The thing is there are people who will discount their services when someone asks.
They could give this discount for a number of reasons:
- They really need the money right now, so discounting for a client helps them get money now
- They don’t know what the real value of their services are, so giving a discount feels okay to them
- They are friends or family with the person they are going to work with and feel bad charging full price
- They have their own money mindset issues and never really charge the full price
Discounts really do happen regularly, whether it’s the client asking for the discount or the business owner offering the discount.
Should you actually be offering and accepting these discounts?
There is no right or wrong answer here. What works best for you and your business is going to be the best answer. If you want to change your answer, then change it.
But I’d also urge you to look at the circumstances of the discount being offered or asked for.
Is your new potential client asking for a discount? Are they saying so and so will do it for $xxx while you are charging $xxxx? Are they just trying to get you to do more work for them for less?

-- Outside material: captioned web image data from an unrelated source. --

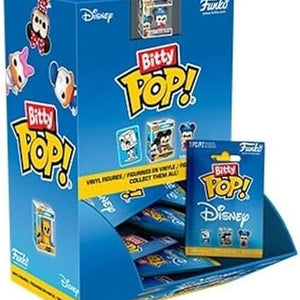 Golden Discs Toys Bitty Pop! Disney Mystery Bag [Toys]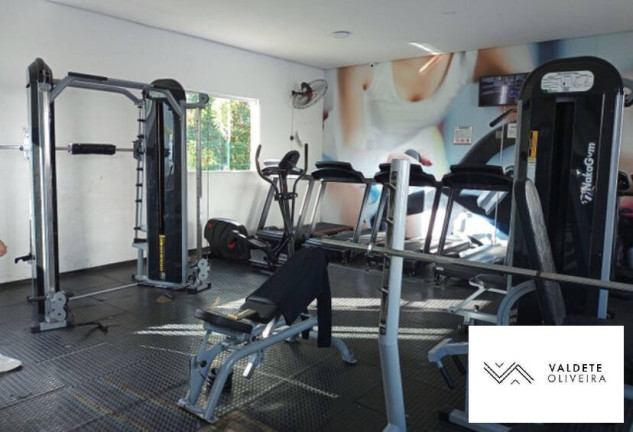 Imagem Apartamento com 2 Quartos à Venda, 44 m² em Jardim Gurilândia - Taubaté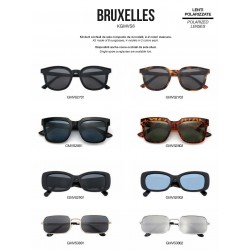 OCCHIALI DA SOLE GMV BRUXELLES (8 Pz)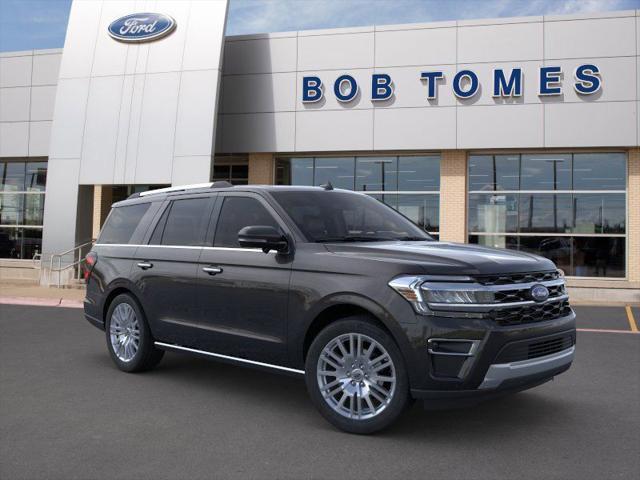 new 2024 Ford Expedition car, priced at $61,665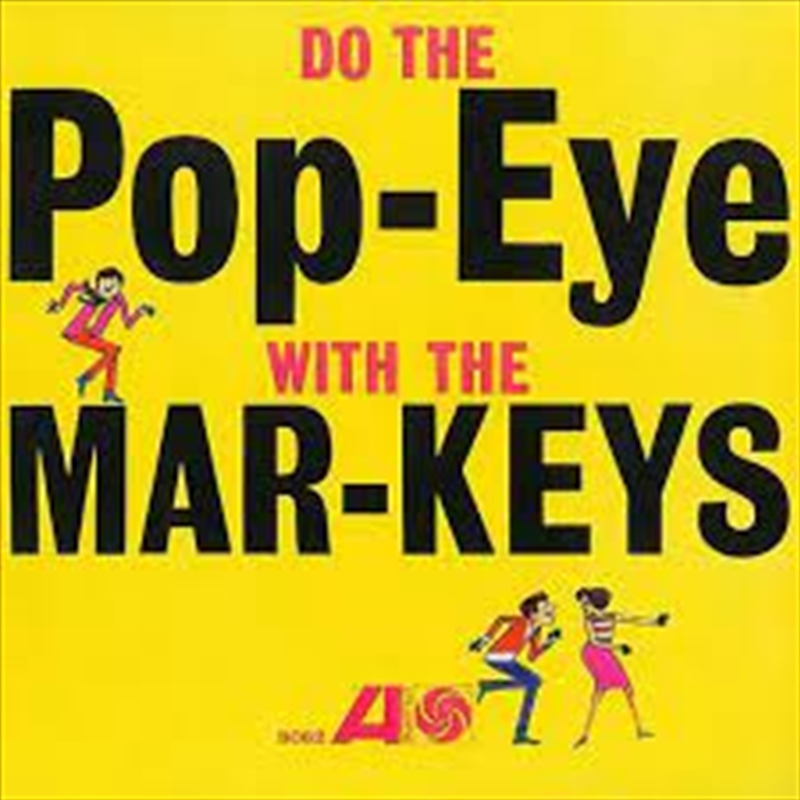 Do The Pop-Eye/Product Detail/Rock/Pop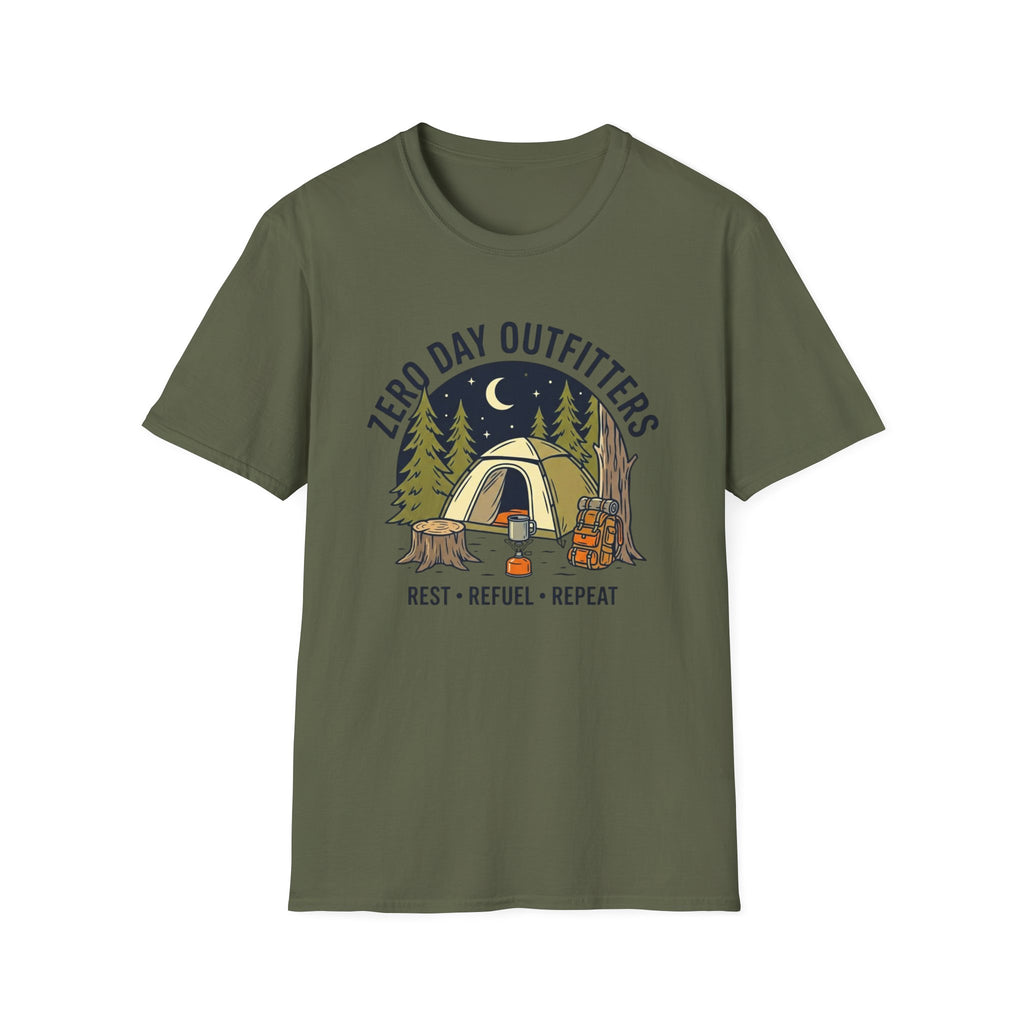 Zero Day Outfitters T-Shirt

This is where you are going to need to stick to your boundaries. You know you do amazing work and the price you charge is what should be paid.
If your new potential client doesn’t want to pay the price for your services, then they can work with so and so. Stick to your boundaries.
Or are you offering a discount because you don’t feel comfortable actually receiving the full amount of money that you would when your client pays you?
These are your own money mindset issues and you need to work on them. You are worthy of receiving the money. You do the work, you make the money.
Accept it, receive it, know you’re worthy.
Discounting usually brings clients who don’t hold up their end of the deal
When you offer or accept a discounted price, you usually end up with clients who don’t do their full end of the deal.
They won’t do the work.
They won’t show up on time, and sometimes not even at all.
They ask you to do more work than is included in the package.
They expect you to be available 24/7 to answer their questions and help them.
When your clients don’t show up and they don’t do the work, you get frustrated and think it’s something about you.
Step into your client’s shoes for a minute here.
If you were the client and you paid the amount of money that your client did, would you still show up? Would you do the work?
Would you stick to the boundaries that are set forth by the person you hired?
A lot of the time, what we accept from our clients is what we expect those who we work with to give back to us. Our clients are a mirror of us.
Is discounting right for your business?
Discounting may work for your business, and if it does, then all the power to you.
If it doesn’t, you already know it doesn’t. If it doesn’t work and you are doing it, then you have some mindset work you need to work on to end the discounting.
The most important thing in your business when it comes to getting new clients, is to have your boundaries in place and make sure you stick to them.
Your clients don’t get to change your boundaries just because they are paying you.